What the task requires. Among the entries below, only the lines from the one with "Cincy Hikers Fleece" through the one with "Best Ride On" are wanted, reproduced exactly. Pictures are not wanted.

Entries provided.
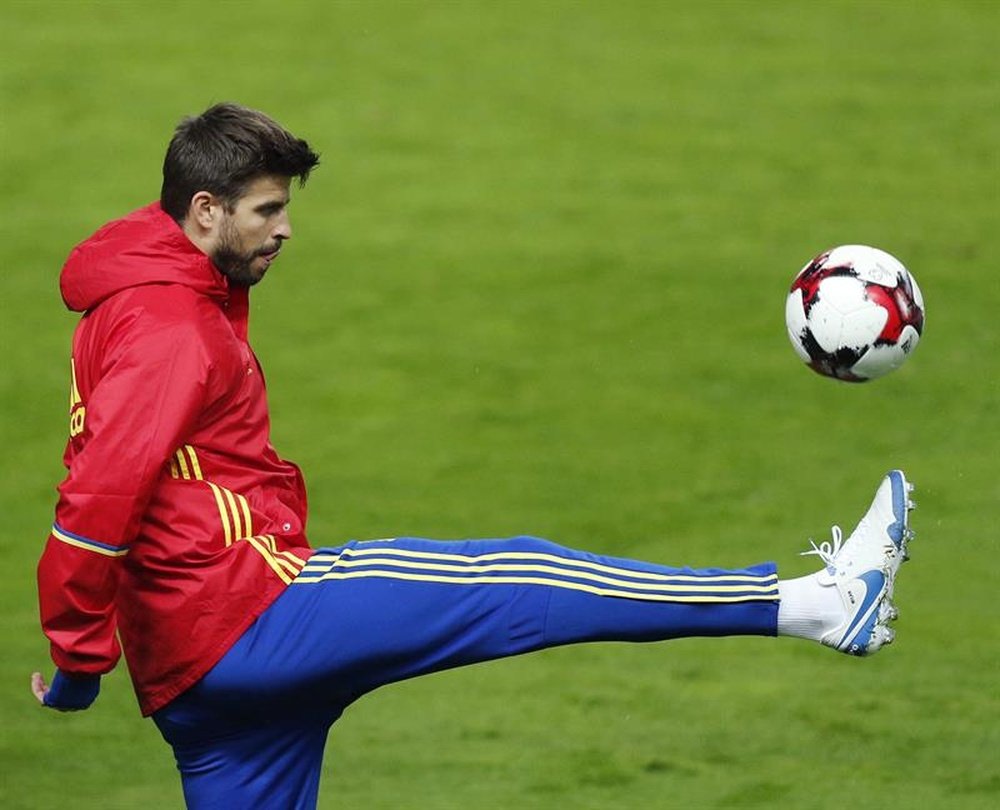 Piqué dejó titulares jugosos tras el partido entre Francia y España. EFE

* * *

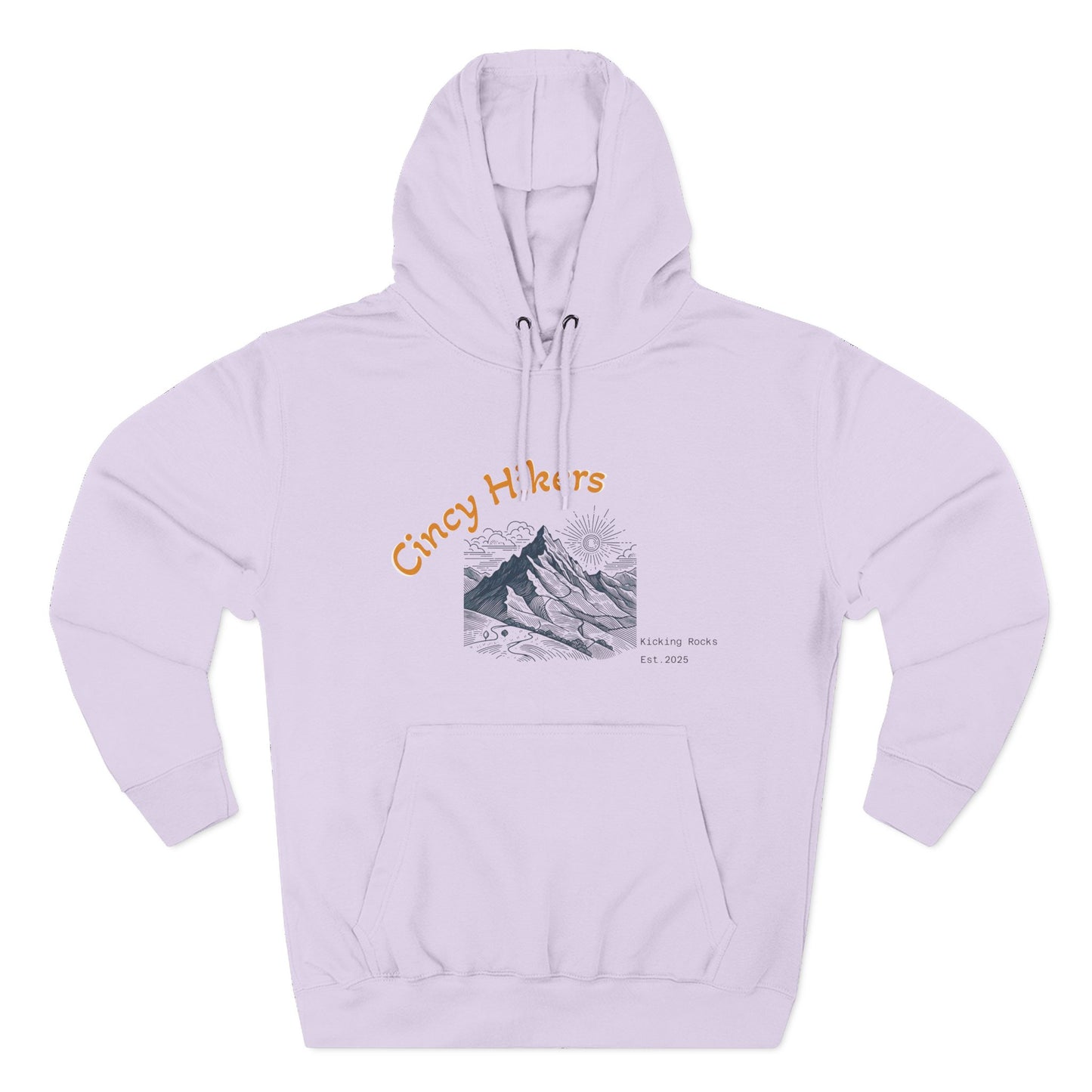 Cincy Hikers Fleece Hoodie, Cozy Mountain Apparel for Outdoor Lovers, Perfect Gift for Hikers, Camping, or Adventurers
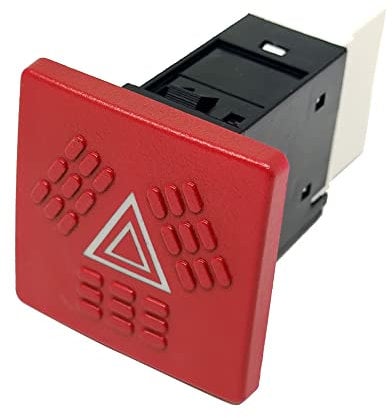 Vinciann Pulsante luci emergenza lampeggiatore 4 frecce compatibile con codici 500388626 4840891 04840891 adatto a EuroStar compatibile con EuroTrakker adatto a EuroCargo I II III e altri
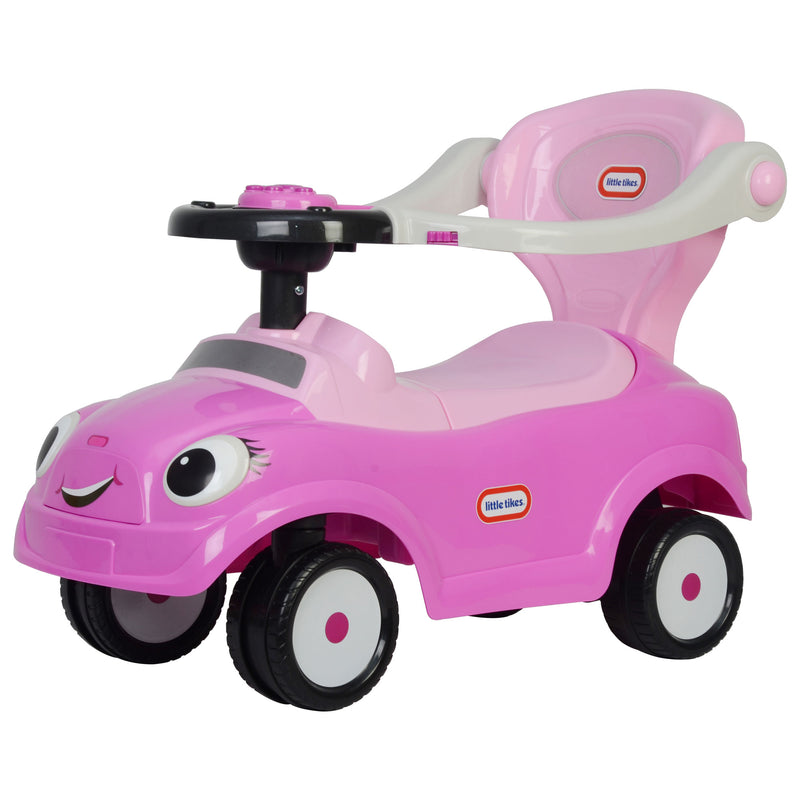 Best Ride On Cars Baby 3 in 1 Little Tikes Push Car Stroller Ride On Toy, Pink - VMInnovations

Exercise output.
 Cincy Hikers Fleece Hoodie, Cozy Mountain Apparel for Outdoor Lovers, Perfect Gift for Hikers, Camping, or Adventurers
 Vinciann Pulsante luci emergenza lampeggiatore 4 frecce compatibile con codici 500388626 4840891 04840891 adatto a EuroStar compatibile con EuroTrakker adatto a EuroCargo I II III e altri
 Best Ride On Cars Baby 3 in 1 Little Tikes Push Car Stroller Ride On Toy, Pink - VMInnovations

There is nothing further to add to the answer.